• **What you need to do**: Give all of the data below again exactly, and drop the images.

• **The data**:
********
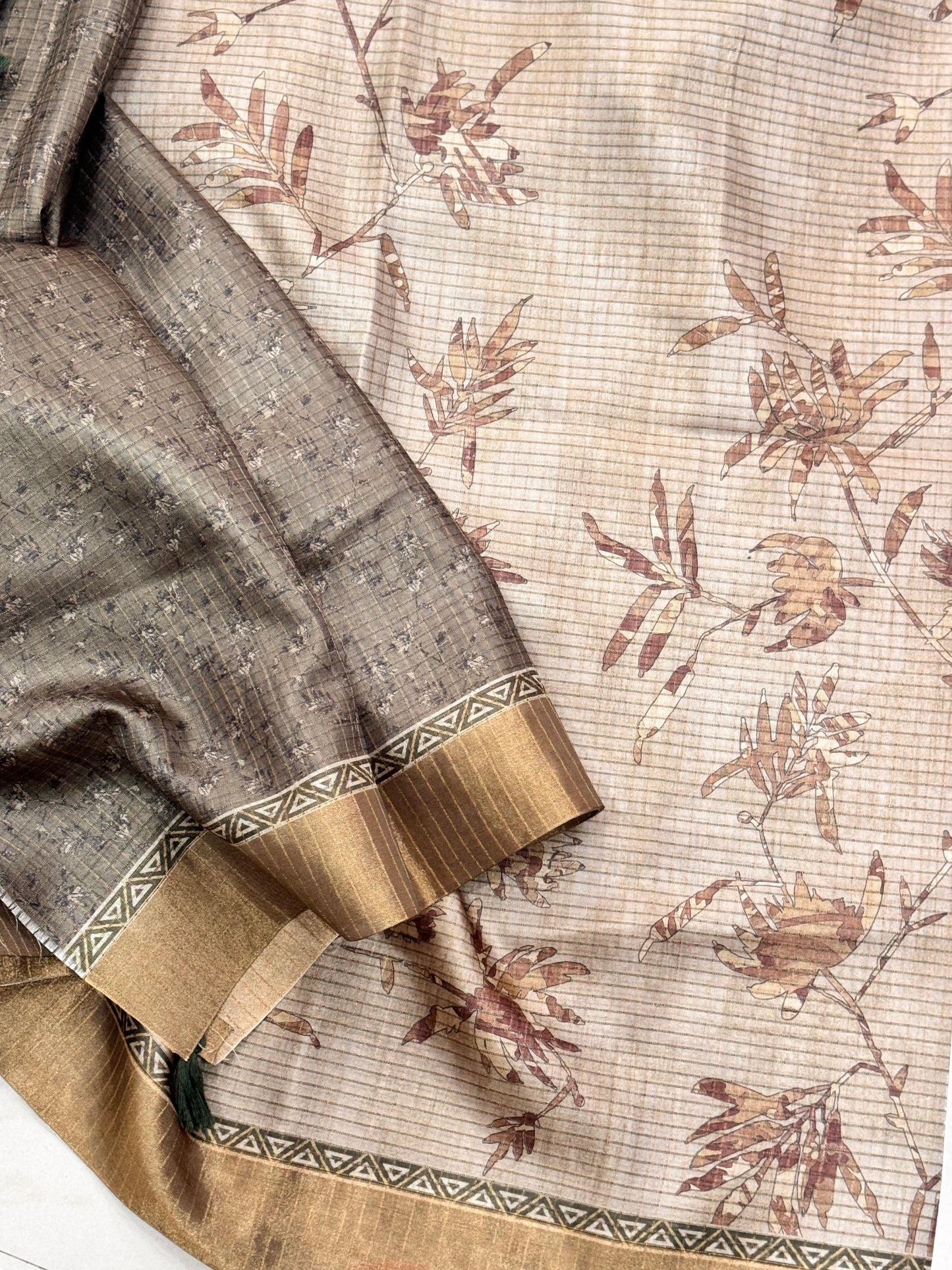 Brown Semi Tussar Silk Saree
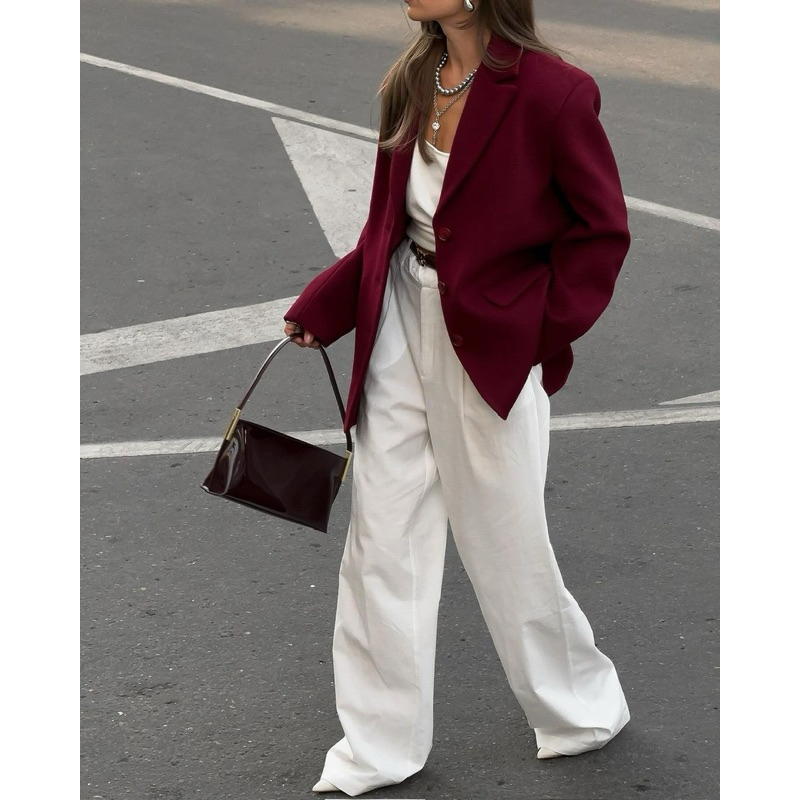 Áo Blazer Nữ Đỏ Burgundy – May Đo Miễn Phí, Form Suông, Phong Cách Quiet Luxury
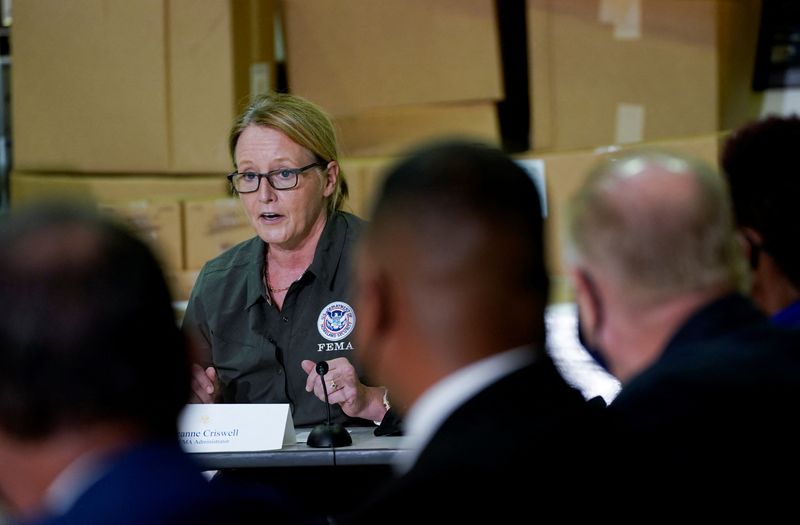 &copy; Reuters. FEMA administrator Deanne Criswell speaks during a briefing by local leaders on the impact of the remnants of Tropical Storm Ida at Somerset County Emergency Management Training Center in Hillsborough Township, New Jersey, U.S., September 7, 2021. REUTERS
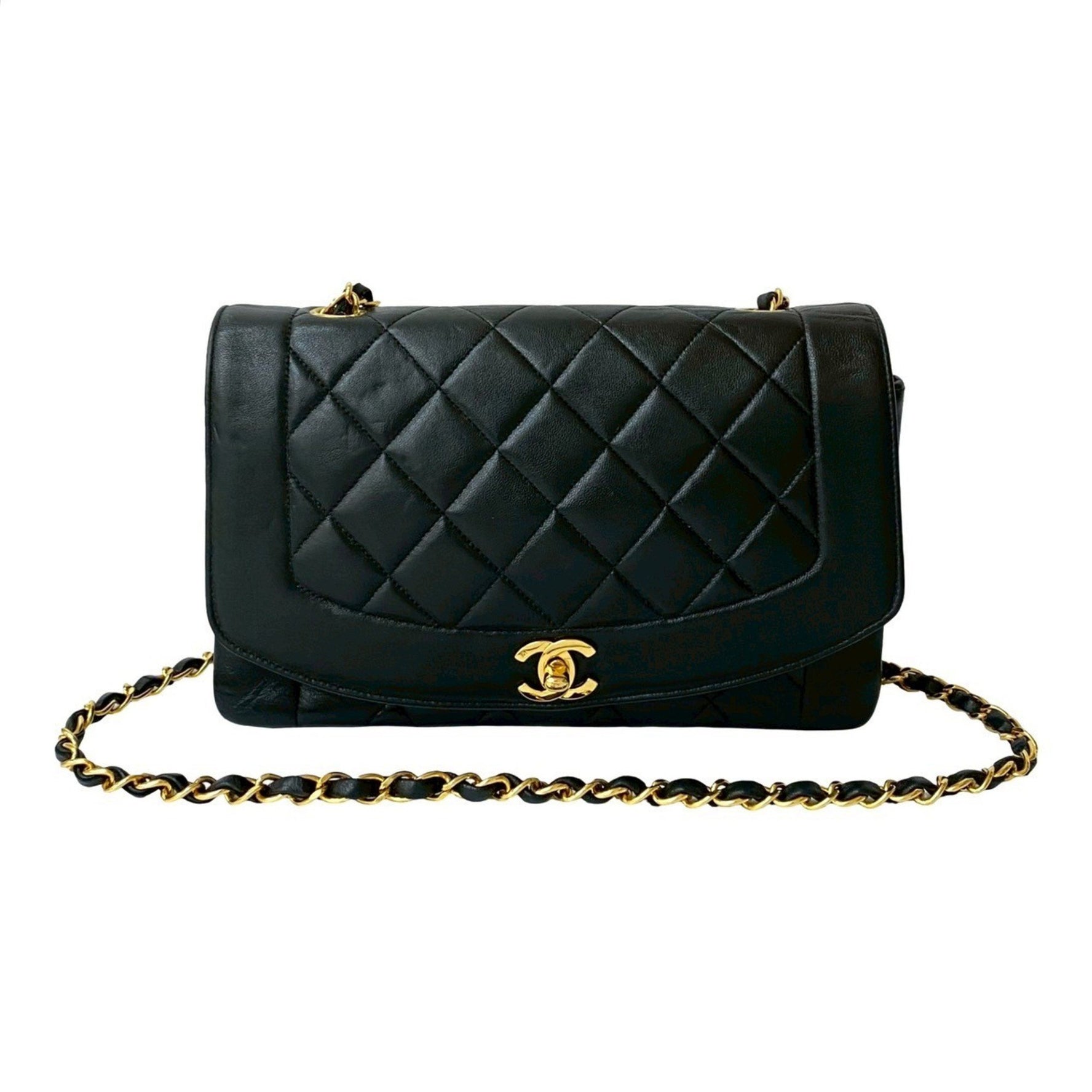 CHANEL Diana Flap Coco Lambskin Shoulder Bag, 607-1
********
• **Finished exercise**:
 Brown Semi Tussar Silk Saree
 Áo Blazer Nữ Đỏ Burgundy – May Đo Miễn Phí, Form Suông, Phong Cách Quiet Luxury
 &copy; Reuters. FEMA administrator Deanne Criswell speaks during a briefing by local leaders on the impact of the remnants of Tropical Storm Ida at Somerset County Emergency Management Training Center in Hillsborough Township, New Jersey, U.S., September 7, 2021. REUTERS
 CHANEL Diana Flap Coco Lambskin Shoulder Bag, 607-1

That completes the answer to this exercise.